* PROBLEM
Given the entries below, please return each one exactly.
++++++++++++++++++++
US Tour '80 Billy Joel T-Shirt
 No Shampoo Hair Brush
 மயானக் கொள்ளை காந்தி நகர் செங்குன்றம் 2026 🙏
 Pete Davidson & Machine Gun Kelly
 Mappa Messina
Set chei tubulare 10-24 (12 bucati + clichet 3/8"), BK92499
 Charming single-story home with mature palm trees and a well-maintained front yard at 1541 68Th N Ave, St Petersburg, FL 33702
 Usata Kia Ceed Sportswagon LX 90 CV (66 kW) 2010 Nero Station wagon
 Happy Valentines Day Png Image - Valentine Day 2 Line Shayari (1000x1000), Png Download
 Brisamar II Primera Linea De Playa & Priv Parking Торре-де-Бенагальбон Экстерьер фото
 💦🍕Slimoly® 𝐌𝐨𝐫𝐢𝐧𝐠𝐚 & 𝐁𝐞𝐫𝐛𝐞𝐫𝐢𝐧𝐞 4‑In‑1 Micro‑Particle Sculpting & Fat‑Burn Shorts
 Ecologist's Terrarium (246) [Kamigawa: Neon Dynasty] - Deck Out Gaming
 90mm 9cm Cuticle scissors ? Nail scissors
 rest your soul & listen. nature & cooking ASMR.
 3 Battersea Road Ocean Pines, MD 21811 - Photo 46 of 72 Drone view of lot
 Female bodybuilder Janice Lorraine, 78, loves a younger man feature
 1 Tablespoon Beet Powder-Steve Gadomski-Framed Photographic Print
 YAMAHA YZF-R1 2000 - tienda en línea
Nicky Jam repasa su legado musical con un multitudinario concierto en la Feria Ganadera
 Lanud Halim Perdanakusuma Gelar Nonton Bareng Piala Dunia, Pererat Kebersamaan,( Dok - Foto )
++++++++++++++++++++
* ANSWER BOX
US Tour '80 Billy Joel T-Shirt
 No Shampoo Hair Brush
 மயானக் கொள்ளை காந்தி நகர் செங்குன்றம் 2026 🙏
 Pete Davidson & Machine Gun Kelly
 Mappa Messina
Set chei tubulare 10-24 (12 bucati + clichet 3/8"), BK92499
 Charming single-story home with mature palm trees and a well-maintained front yard at 1541 68Th N Ave, St Petersburg, FL 33702
 Usata Kia Ceed Sportswagon LX 90 CV (66 kW) 2010 Nero Station wagon
 Happy Valentines Day Png Image - Valentine Day 2 Line Shayari (1000x1000), Png Download
 Brisamar II Primera Linea De Playa & Priv Parking Торре-де-Бенагальбон Экстерьер фото
 💦🍕Slimoly® 𝐌𝐨𝐫𝐢𝐧𝐠𝐚 & 𝐁𝐞𝐫𝐛𝐞𝐫𝐢𝐧𝐞 4‑In‑1 Micro‑Particle Sculpting & Fat‑Burn Shorts
 Ecologist's Terrarium (246) [Kamigawa: Neon Dynasty] - Deck Out Gaming
 90mm 9cm Cuticle scissors ? Nail scissors
 rest your soul & listen. nature & cooking ASMR.
 3 Battersea Road Ocean Pines, MD 21811 - Photo 46 of 72 Drone view of lot
 Female bodybuilder Janice Lorraine, 78, loves a younger man feature
 1 Tablespoon Beet Powder-Steve Gadomski-Framed Photographic Print
 YAMAHA YZF-R1 2000 - tienda en línea
Nicky Jam repasa su legado musical con un multitudinario concierto en la Feria Ganadera
 Lanud Halim Perdanakusuma Gelar Nonton Bareng Piala Dunia, Pererat Kebersamaan,( Dok - Foto )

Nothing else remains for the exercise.